I'm waiting for the day when 'async' will be the default function type and 'await' will be the default type of function call.
If anywhere down the callstack a function needs to await something it has to become an async function. And this needs to be done to the whole callstack recursively. So over time more and more functions of every codebase turn into async functions.
Continuation passing style means passing along your continuation to your callee, and is the implementation of the async model. But normal calls do pass their continuation: the return address, pushed on the stack, is the continuation function, and the stack itself is the scope, and together they are a closure. Make the stack a first class value that can be switched, and you get to continuations - and that's what the runtime gets with green threads.
It means much harder interop because you can't have native frames on your stack. But you have the same problem with async.
Green threads is very different from CPS actually both from an implementation and semantics point of view. In a CPS model the continuation is first class and is available at every single call point. In practice this would require heap allocating every single function frame, which is expensive and and a huge problem for interoperability (a smart compiler can turn it back to a traditional stack if the continuation is only used in traditional ways)
With the normall call/return model, the implicit continuation in a normal call stack can only be accessed via return. Green threads do allow accessing the continuation at specific yield points (although most green thread implementations do not expose it to the user) but because the yield point are much fewer than every single call, a whole stack can be allocated and used in one go.
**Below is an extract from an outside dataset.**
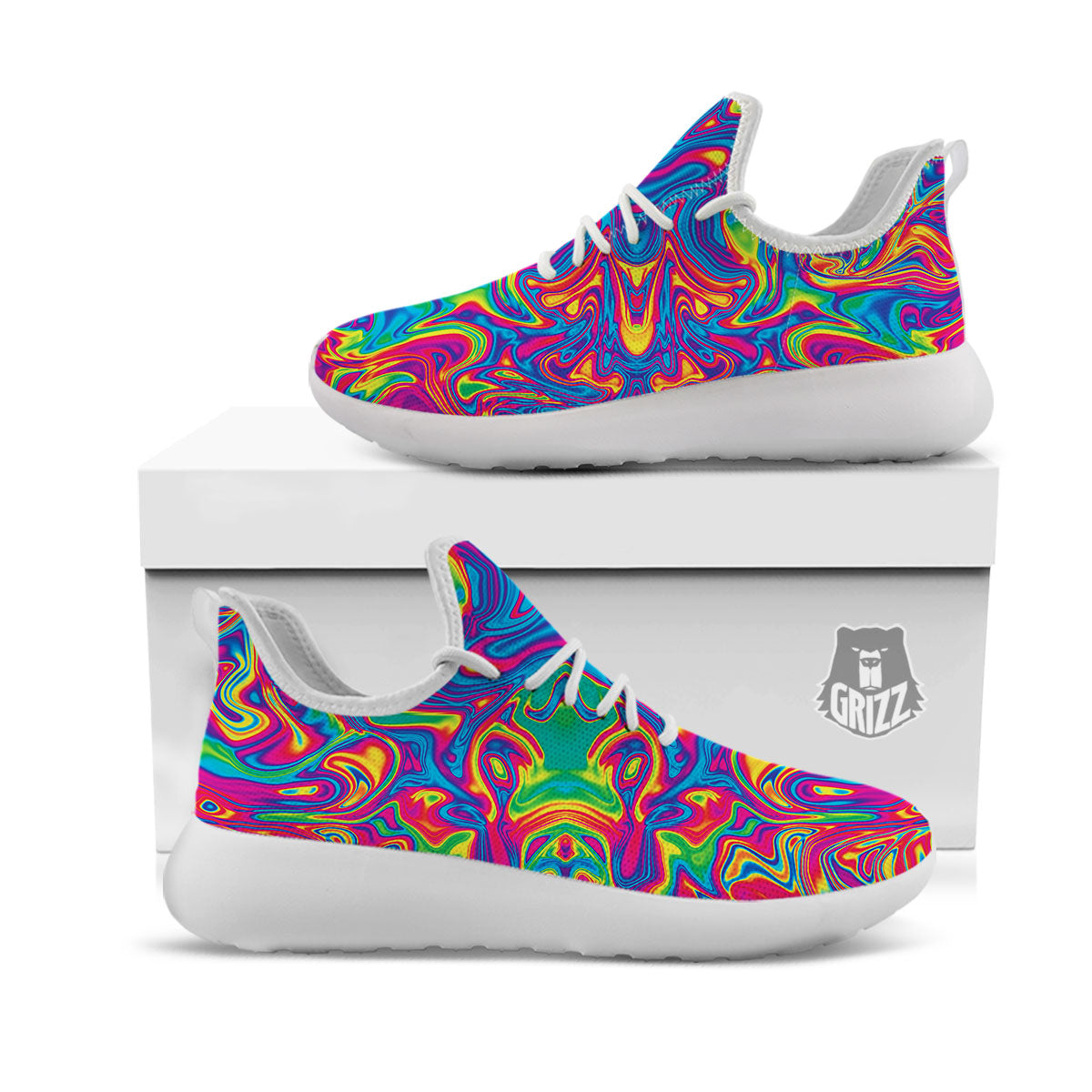 Acid Psychedelic Print Pattern White Athletic Shoes-grizzshop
There aren't in fact many issues with interoperability as foregin functions or even os calls can be accommodated on this stack.
Async is a tradeoff, basically the programmer is responsible of marking functions that are to be CPS transformed and that need their stack frame reified. This way no full stack is needed nor there are the performance and interoperability issues of full CPS. You end up with the blue/red functions issue though.
If you want call/cc (for repeated executions of the continuation) you need a first class stack. A CPS execution model can use green threads right up until you want that explicit continuation in hand and split the stack. In most implementations of CPS the continuation is not in fact available for the user to execute: stack-oriented programming is the mental model, until you pull out call/cc or something similar.
Note that you don't get the continuation in hand for the async-everywhere advocated by GP, only blocking operations get the continuation, and most of those are implemented by the runtime.
One thing I like about Go is that there is no dichotomy between sync and async. Every function call presents a sync interface, but under the hood all I/O is async. I really miss this in Python, where every library has an async twin, usually maintained by someone unafiliated with the sync library.
Async being a “default” function type doesn’t make much sense unless you’re doing io. If you’re just computing, you often can’t proceed without the result and want to proceed as soon as you have the result—i.e. blocking. Both are critical to getting good performance.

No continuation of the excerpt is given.